О «Двадцати днях без войны» Алексея Германа, в общем-то все уже написано. Причем написано тогда. Тематическая безупречность фильма плюс чересчур очевидное мастерство оказались могущественнее испуга, который невольно порождало там его имя после к тому времени так и не выпущенной «Операции с Новым годом» (позже — «Проверка на дорогах»).

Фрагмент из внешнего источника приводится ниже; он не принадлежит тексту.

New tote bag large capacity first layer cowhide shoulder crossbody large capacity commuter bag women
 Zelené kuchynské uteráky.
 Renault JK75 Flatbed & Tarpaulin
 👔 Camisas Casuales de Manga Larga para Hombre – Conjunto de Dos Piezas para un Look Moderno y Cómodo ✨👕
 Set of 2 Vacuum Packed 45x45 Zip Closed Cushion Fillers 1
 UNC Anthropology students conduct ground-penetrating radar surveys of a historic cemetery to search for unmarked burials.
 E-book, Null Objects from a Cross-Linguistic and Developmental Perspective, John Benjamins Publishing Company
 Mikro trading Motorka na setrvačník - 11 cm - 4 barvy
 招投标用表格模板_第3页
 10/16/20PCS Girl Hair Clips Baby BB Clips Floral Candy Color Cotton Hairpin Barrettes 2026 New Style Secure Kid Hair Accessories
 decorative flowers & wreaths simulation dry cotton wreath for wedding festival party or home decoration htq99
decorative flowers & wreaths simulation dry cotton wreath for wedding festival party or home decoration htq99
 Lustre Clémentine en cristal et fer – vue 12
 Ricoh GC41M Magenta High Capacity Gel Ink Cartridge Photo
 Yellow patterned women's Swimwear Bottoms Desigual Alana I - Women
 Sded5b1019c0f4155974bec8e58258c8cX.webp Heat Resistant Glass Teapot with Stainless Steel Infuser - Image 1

Добрый бог фильма Константин Михайлович Симонов, освятивший фильм своим присутствием, кому-то что-то как-то объяснил, и там, вроде, поверили. Хотя, поверив, про себя, конечно, подумали, что эта картина скорее подарок вечно себе на уме интеллигенции, чем такой уж безупречный презент к очередному юбилею Победы. Подарки обычно должны выглядеть празднично и нарядно, а тут — хмарь, прокуренные вагоны, сбивчивые монологи, лужи под ногами, глуховатый тенорок радиоточки, связывающий весь этот пыльный материк с реальным миром, — война все же более реальна, чем тыл. Ускользающий из рук сюжет, грустно там, где вроде должно быть смешно, и, наоборот, пафос, наслаивающийся на истерику, паузы, наслоение крупного плана на задний... Словом, какая-то сама по себе развивающаяся, антилитературная и уж, извините, несимоновская с его-то склонностью к ясной беллетристической интонации материя без ясных форм, вскипающая пространственными и атмосферными волнами...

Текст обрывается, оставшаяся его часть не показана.